What We Can Learn From the Denver Broncos
By Thomas Cross, thomas.cross@broomfieldumc.org
Like many of you, I am getting great enjoyment out of the current Denver Broncos’ season. This team is a lot of fun to watch on both offense and defense – and the players are easy to like. It appears to me that the team is getting better by the week.
Indeed there is a reason or two this Broncos team is showing such improvement. If ever a football team were a poster child for “growth mindset,” this team is it. The growth mindset is the conviction that one can continuously develop his or her skills through learning, preparation, and practice. The growth mindset is contrasted with the “fixed mindset,” which is the conviction that your basic skills are fixed and not susceptible to great improvement.
What is your potential for improvement? The way you answer that question will help you to determine your basic mindset, be it growth or fixed. Those with a growth mindset believe they can get better, and they are determined to put in the work to accomplish that goal. I realized the Broncos players had bought into the growth mindset after a recent victory. To a player, everyone in the locker room talked about the importance of getting better in preparation for the next game. All of the players expect to grow!
How do you respond to constructive criticism? Those with a growth mindset see evaluation and criticism as opportunities for continued learning and development. Those with a fixed mindset see any criticism as undermining their basic identities. I’ve noticed that the Broncos players never present themselves as perfect, but they acknowledge their mistakes and devote themselves to correcting them in practice. This team believes that excellent practice makes for excellent performance.
At the same time, the Broncos emphasize improving their strengths rather than overcoming their weaknesses. This is known as a strengths-based focus. Concepts and plays are developed around the primary strengths of the players on the bus. Thus last year’s offense exploited the read option, while this year’s offense incorporates many concepts that Manning used in Indianapolis. Why not play to the strengths of your personnel? You can do so in any workplace (or home, for that matter).
The growth mindset is foundational to New Testament theology, yet it is often missed. The apostles expected to grow spiritually and to develop greater expertise in ministry, and so they did. Perhaps the clearest expression of the growth mindset is found in 2 Peter 1:5-11, in which the apostle exhorts the readers to keep adding new virtues to their quiver.
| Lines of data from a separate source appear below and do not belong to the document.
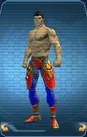 LegsHighVoltage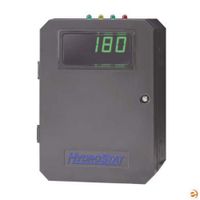 Hydrolevel HydroStat 3100 Universal Temperature Limit and Low Water Cut-Off for Gas-Fired Boilers, 24 VAC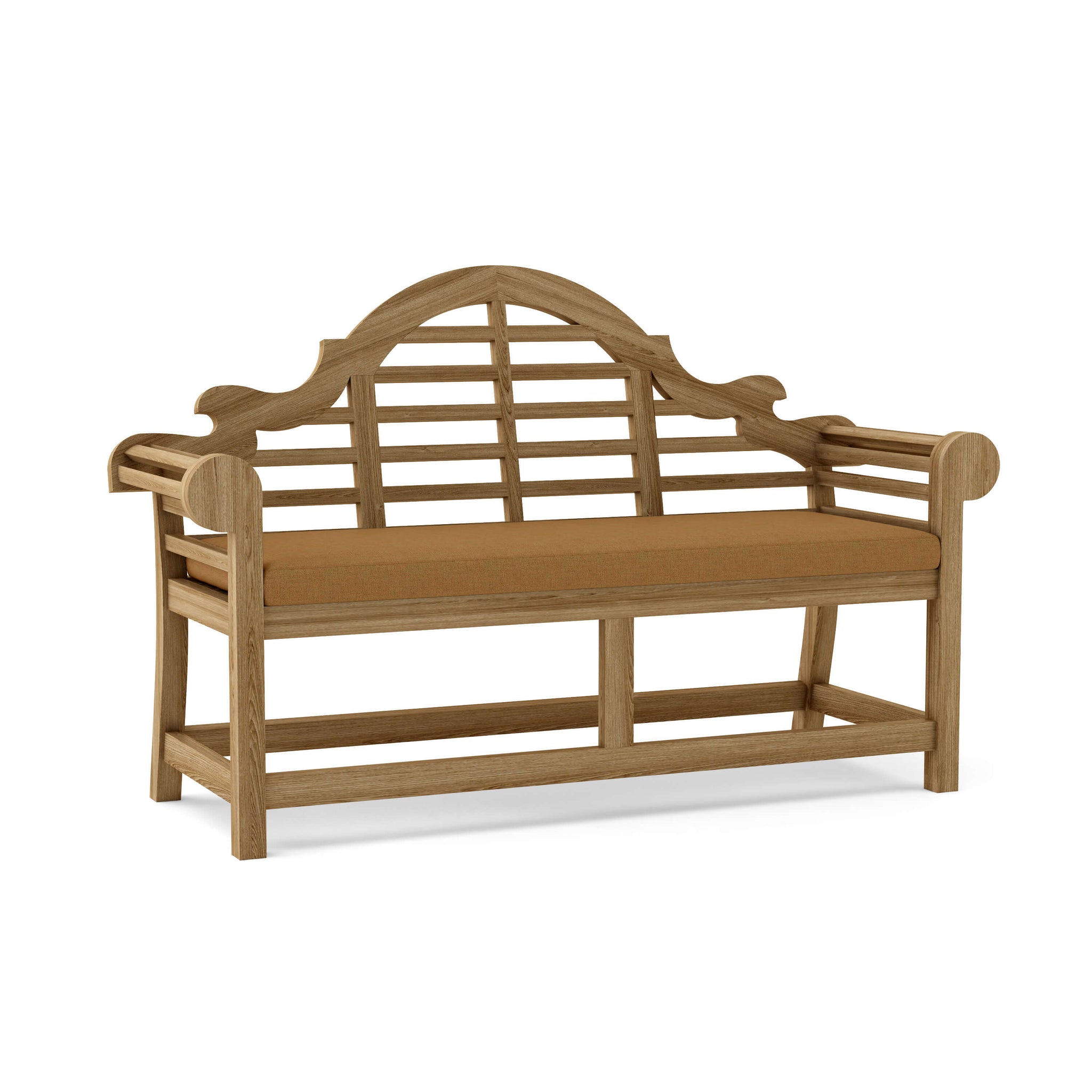 Marlborough 2-Seater Bench
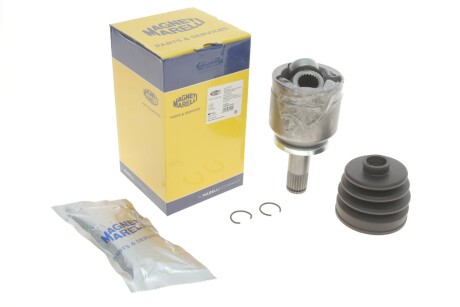 РШ шарнір (к-кт) MAGNETI MARELLI 302009100025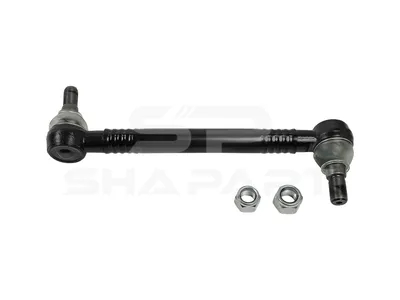 2.61289 Stabilizer stay, D: 36 mm, C: 28.6 mm, M22 x 1,5, M24 x 1,5, L: 380 mm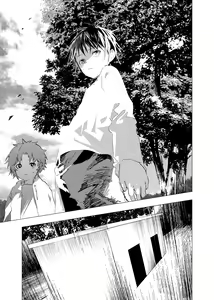 Page 21 of Ibasho ga Nai node Kamimachi Shite mita Suterareta Shounen no Ero Manga Ch. 25 - preview thumbnail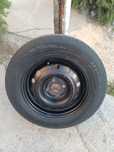 Qoqon diska R14 spark nexia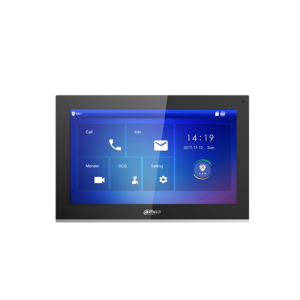 DAHUA IP Video Intercom Indoor Monitor VTH5441G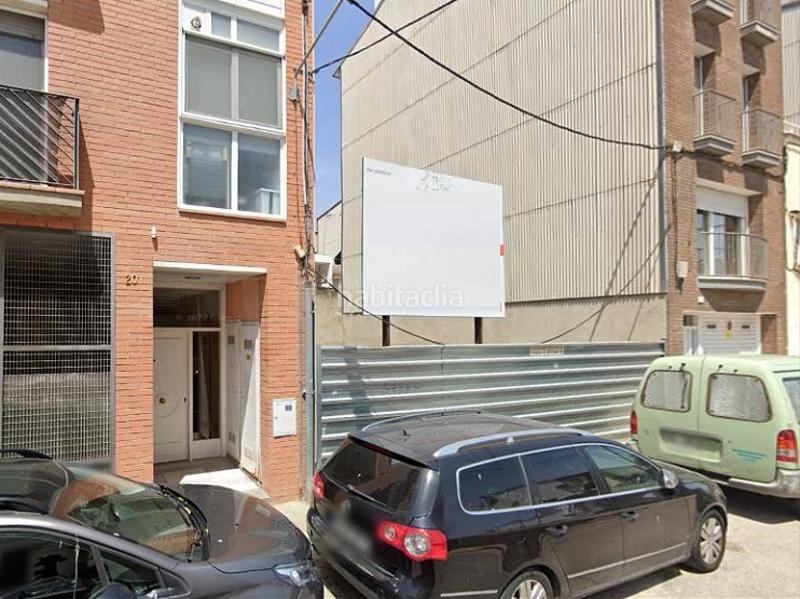 Foto a8d6cea3-175e-475e-9fee-bc43788d6a16. Terreno residenziale in carrer de l'ametller 17 in Esparreguera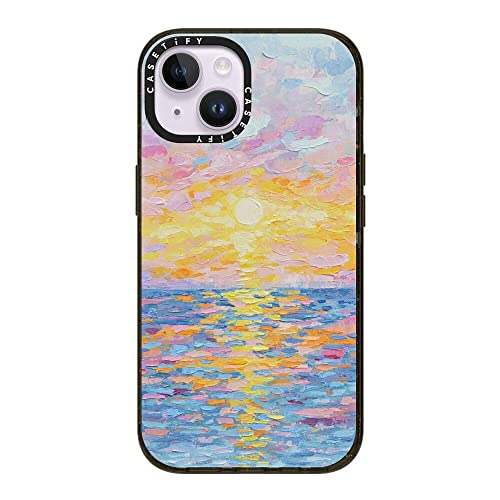 Coque iPhone 14 Casetify Impact idéale pour sécuriser votre smartphone en voyage et rando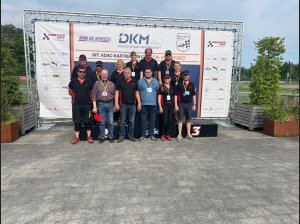 2023 DKM Genk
The whole book of Hebrews assumes a growth mindset, expressing impatience at the slow growth curve of the readers, and spurring them on to diligence in faith. Why do we gather together? To “consider how to stimulate one another to love and good deeds” (Hebrews 10:24).
Paul takes the growth mindset to full expression, exhorting his readers to this goal: “Therefore be imitators of God, as beloved children…” (Ephesians 5:1). If we can become like God, that is significant growth indeed! Paul also encourages his readers to focus upon their strengths, encouraging the believers to develop and use their spiritual gifts (1 Corinthians 12). As followers of Christ, we don’t have to be good at everything, but we are called by God to grow in the areas in which we are gifted. In other words, discover your spiritual gifts and other strengths, and then develop them. The team known as the church will be at its best when each of us contributes our strongest gifts and skills to God’s work in concert with our brothers and sisters.
Like the Broncos, we can grow in God’s work through study, preparation, practice, and service.
Originally posted on the BUMC Blog Jan. 11, 2013.